Google Compute Engine


This document outlines a process that you can use to deploy MongoDB on Google Compute Engine (GCE), beginning with selecting the appropriate instance and storage configuration, then addresses the process for deploying a MongoDB system. Finally, the tutorial includes strategies for backup and restore and additional production considerations.

Instance Recommendations

GCE offers several different instance types across four categories:

  • Standard
  • Shared Core
  • High Memory
  • High CPU

When deploying MongoDB, consider the following recommendations based on deployment type and component.

  • For development deployments, deploy mongod on Standard or High Memory instances.
  • For production deployments, deploy mongod on High Memory instances.
  • For sharded clusters mongos should be run on instances on which your application is running however, it can be run as a standalone process on Standard n1-standard-1 instances.
  • Sharded cluster config servers should be deployed on Standard n1-standard-1 instances.


Shared Core instances are not recommended as they only provide intermittent access the underlying CPU. High CPU instances are also not recommended because MongoDB is traditionally memory and I/O bound.

Storage Considerations

GCE offers persistent disk storage to go along with your instances, either as a single root volume or with multiple disks attached to an instance. GCE’s persistent disks (PD) already stripe data across a very large number of volumes, shere is no need to do it yourself. MongoDB journal data is small and putting it on its own disk means either creating a small disk with insufficient performance or creating a large disk that goes mostly unused. Put your MongoDB journal files on the same disk as your data. Putting your MongoDB journal files on a small persistent disk will dramatically decrease performance of database writes.

The most optimal and performant storage configuration is to use a single volume to hold MongoDB data, journal, and log files.

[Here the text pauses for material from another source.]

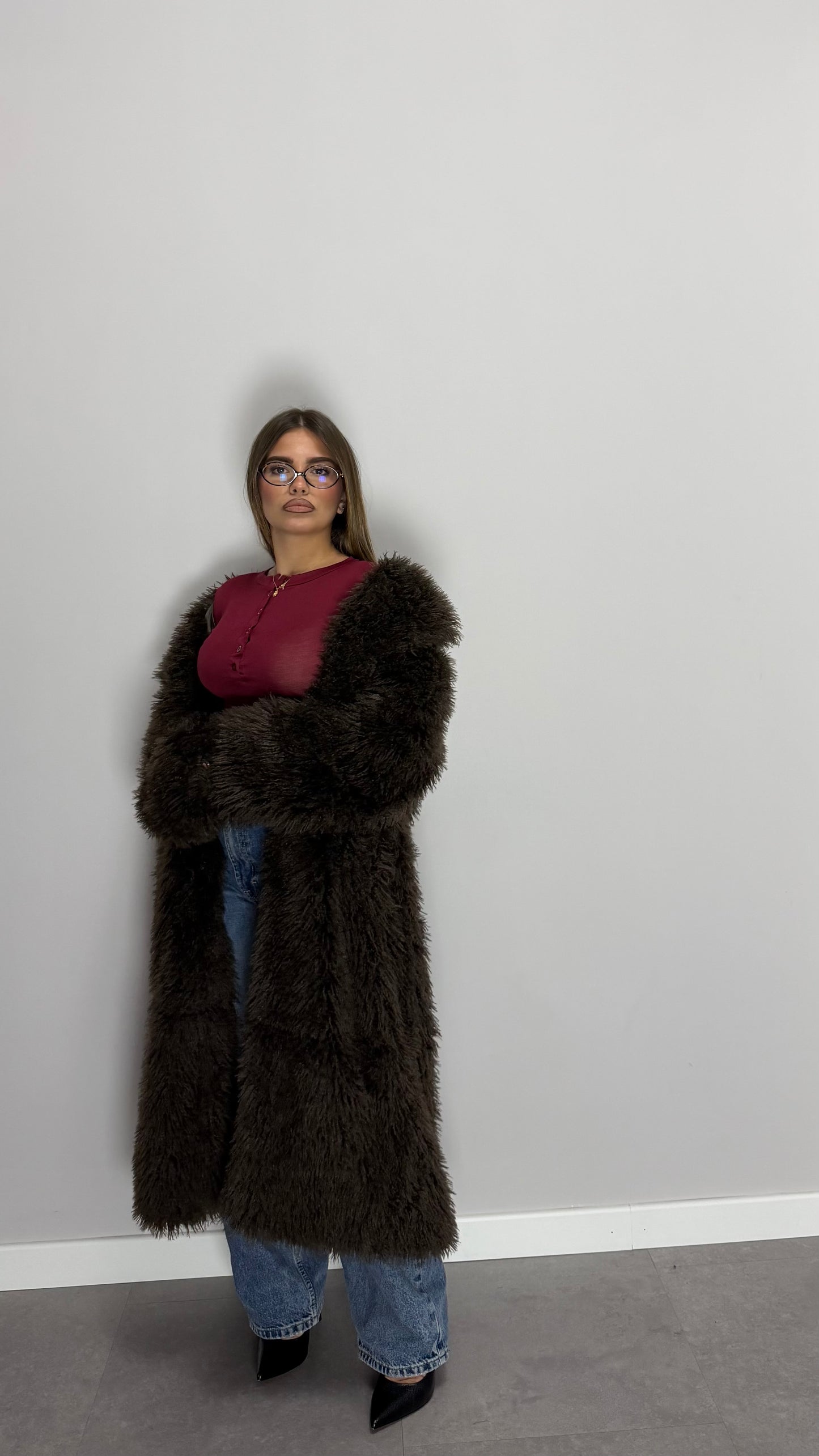 Ecofur Mongolia Marrone Lunga 66056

To properly determine the right storage configuration for your deployment it is best to prototype and test your workload.

There are multiple storage configurations possible with GCE persistent disks, each with it’s own tradeoffs. To properly determine the right storage configuration you will need to prototype and test your workload.


GCE persistent disk performance profiles are primarily based on allocated disk size. At higher disk sizes performance can also scale based on the number of cores within an instance. For more information, refer to “Persistent Disk Performance” within the GCE Disks documentation.

Instance Configuration

The following steps can be used to deploy MongoDB on a single GCE instance. The instance will be configured as follows:

  • CentOS 6
  • MongoDB 2.4.x installed via Yum
  • Individual persistent disks for data, journal, and log
  • Updated read-ahead values for each disk
  • Updated ulimit settings
  • Updated TCP keep-alive settings


To get started, please have the Google Cloud SDK tools installed and setup to work with your account, as well as an initial project created. For more information, refer to the Google Cloud SDK installation instructions, Managing Authentication and Credentials, and Quick Start.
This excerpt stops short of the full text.